Saturday 04 February 2006, 16:17 Makka Time, 13:17 GMT

Survivors of the Red Sea ferry disaster have said the captain and his crew were first to flee the burning ship by lifeboat and abandoned them to their fate.

Some passengers plucked alive from the sea or from boats after the ferry caught fire and sank early on Friday said on Saturday that the crew had told them not to worry about a fire below deck and even ordered them to take off lifejackets.

The survivors said a fire broke out below deck shortly after the 35-year-old vessel left the Saudi port of Duba on Thursday evening.

Shihata Ali, an Egyptian survivor, said the passengers had told the captain about the fire but he told them not to worry.

"We were wearing lifejackets but they told us there was nothing wrong, told us to take them off and they took away the lifejackets," he said. "Then the boat started to sink and the captain took a boat and left."

Another survivor said: "The captain was the first to leave and we were surprised to see the boat sinking."

Other survivors also reported that the crew played down the gravity of the situation and withheld lifejackets.

Abd al-Rauf Abd al-Nabi said: "There was a fire but the crew stopped the people from putting on lifejackets so that it wouldn't cause a panic."

Nadir Jalal Abd al-Shafi, another arrival on the same rescue boat, said: "There was a blaze down below.
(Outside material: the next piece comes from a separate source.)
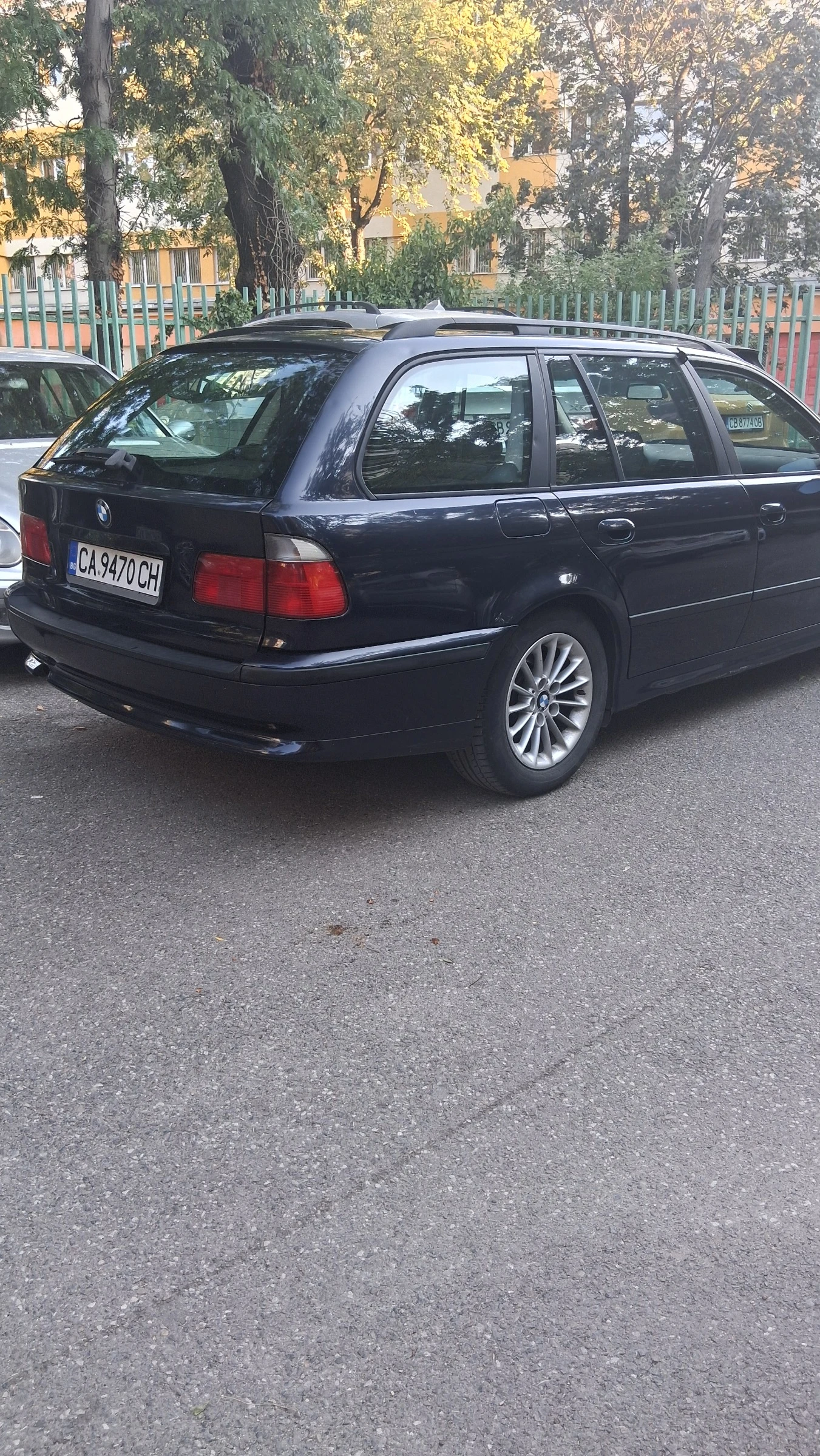 BMW 525, снимка 3 - Автомобили и джипове - 56527038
The crew said 'Don't worry, we will put it out'. When things got really bad the crew just went off in the lifeboats and left us on board."

Preliminary analysis
Officials at al-Salam Maritime Transport Company, which owned the Al Salam 98, were not immediately available to answer the allegations.

Shirin Hasan, the head of the maritime section of the Egyptian Ministry of Transport, told state television that the fire seemed to have broken out in a vehicle on the lower car deck.

The crew thought that they had put the fire out but it flared up again, he said, citing a preliminary analysis.

Rifat Said, 34, a passenger from Giza, near Cairo, said: "We asked why there was smoke and they told us they were putting out the fire but it got worse. The ferry sailed on for two hours listing to the side. Then it just went onto its side and within five minutes it had sunk."

It was not immediately clear what happened to the captain, named al-Said Umar, or why coastguards did not appear to have received any distress signal from the ferry.

State news agency MENA said that on Friday morning a ship did pick up a message from the ferry's captain saying he was in danger of sinking. It did not say how the ship reacted.